More specifically, in the control unit 33, as shown in FIG. 2(a), FIG. 2(b) and FIG. 3, the following priorities corresponding to the driving state of the vehicle 1 are set among LK control by the LK control mechanism 31, electric power steering control (hereinafter referred to as EPS control in the drawings), and deceleration S&S control by the idling stop control mechanism 32.

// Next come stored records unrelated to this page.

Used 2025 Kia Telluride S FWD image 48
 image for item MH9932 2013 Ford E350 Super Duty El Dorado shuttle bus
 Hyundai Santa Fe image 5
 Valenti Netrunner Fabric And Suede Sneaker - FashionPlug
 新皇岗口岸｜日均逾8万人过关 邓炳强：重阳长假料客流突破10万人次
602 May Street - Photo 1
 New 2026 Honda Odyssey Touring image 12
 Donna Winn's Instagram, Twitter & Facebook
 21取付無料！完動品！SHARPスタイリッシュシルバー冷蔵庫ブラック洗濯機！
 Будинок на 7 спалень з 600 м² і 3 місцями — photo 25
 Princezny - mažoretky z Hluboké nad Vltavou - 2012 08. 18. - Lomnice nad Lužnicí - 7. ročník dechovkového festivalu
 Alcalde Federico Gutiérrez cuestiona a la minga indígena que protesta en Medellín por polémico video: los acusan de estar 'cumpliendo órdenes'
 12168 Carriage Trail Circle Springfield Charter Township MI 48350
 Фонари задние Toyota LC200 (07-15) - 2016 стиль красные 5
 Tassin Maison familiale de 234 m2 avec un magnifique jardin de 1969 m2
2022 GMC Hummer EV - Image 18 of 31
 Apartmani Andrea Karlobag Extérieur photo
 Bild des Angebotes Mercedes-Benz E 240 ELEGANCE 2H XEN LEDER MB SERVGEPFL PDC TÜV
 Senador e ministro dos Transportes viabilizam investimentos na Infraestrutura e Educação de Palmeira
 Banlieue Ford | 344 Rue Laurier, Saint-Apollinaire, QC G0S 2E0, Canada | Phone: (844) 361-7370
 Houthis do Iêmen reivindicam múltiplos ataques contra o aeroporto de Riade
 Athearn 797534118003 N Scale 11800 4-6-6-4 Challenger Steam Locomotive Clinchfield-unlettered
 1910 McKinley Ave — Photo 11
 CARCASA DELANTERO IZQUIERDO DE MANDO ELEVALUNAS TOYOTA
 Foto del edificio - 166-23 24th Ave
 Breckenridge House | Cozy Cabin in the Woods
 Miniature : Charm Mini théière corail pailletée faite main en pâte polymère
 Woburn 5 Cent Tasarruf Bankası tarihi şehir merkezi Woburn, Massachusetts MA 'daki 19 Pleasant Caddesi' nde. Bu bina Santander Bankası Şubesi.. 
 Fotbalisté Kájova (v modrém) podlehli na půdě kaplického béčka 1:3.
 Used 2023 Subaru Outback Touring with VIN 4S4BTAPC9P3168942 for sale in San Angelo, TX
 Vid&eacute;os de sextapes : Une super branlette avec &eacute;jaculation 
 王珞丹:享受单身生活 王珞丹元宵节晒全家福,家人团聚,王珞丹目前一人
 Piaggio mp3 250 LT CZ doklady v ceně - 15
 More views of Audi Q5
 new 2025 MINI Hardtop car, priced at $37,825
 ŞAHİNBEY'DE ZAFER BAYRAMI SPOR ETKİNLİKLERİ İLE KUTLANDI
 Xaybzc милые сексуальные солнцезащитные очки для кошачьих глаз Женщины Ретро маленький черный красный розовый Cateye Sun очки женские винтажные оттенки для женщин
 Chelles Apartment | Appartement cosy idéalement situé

The upper stage of FIG. 2(a) indicates a timing for starting deceleration S&S control in the case where the LK control restriction determination unit 46 permits the execution of LK control in response to the outputting of a steering input signal for assist steering (an LK control start request) from the LK control ECU 42, the operation of the electric actuator 14 is controlled by the EPS control unit 45 in accordance with a steering input signal for lane keeping assist steering from the LK control ECU 42, and a deceleration S&S start request is generated during a period in which lane keeping assist steering for applying an assist steering force for lane keeping to the steering shaft 21 is carried out.

In this case, during the execution period of LK control, higher priority is given to the securement of safety through LK control than to the effect of reducing fuel consumption through deceleration S&S. Even when a deceleration S&S start request is generated, the end of LK control is awaited without starting deceleration S&S control. Then, deceleration S&S control is started as soon as LK control ends.

The middle stage of FIG. 2(a) indicates a timing for starting LK control in the case where the deceleration S&S restriction determination unit 62 permits the execution of deceleration S&S control when a deceleration S&S start request is generated upon fulfillment of predetermined automatic stop conditions and an LK control start request is generated in response to the emergence of a possibility of the vehicle 1 deviating from a lane during a period in which deceleration S&S control is executed by the deceleration S&S control unit 61.

In this case, during the execution period of deceleration S&S control, it may be impossible to control the vehicle 1 through LK control. Therefore, the end of deceleration S&S control is awaited without starting LK control. Then, LK control is started upon the lapse of a preset vehicle behavior stabilization time from a time point corresponding to the end of deceleration S&S control.

The lower stage of FIG. 2(a) indicates a case where a deceleration S&S start request is generated when the predetermined automatic stop conditions are fulfilled simultaneously with the outputting of a steering input signal for assist steering (an LK control start request) from the LK control ECU 42.

In this case, higher priority is given to the securement of safety through LK control than to the effect of reducing fuel consumption through deceleration S&S. Even when a deceleration S&S start request is generated, LK control is executed without starting deceleration S&S control.

The upper stage of FIG. 2(b) indicates a timing for starting deceleration S&S control in the case where a request to start EPS control by the EPS control ECU 44 of the LK control mechanism 31 is generated through a steering input and a deceleration S&S start request is generated during a period in which EPS control at or above a certain output is executed.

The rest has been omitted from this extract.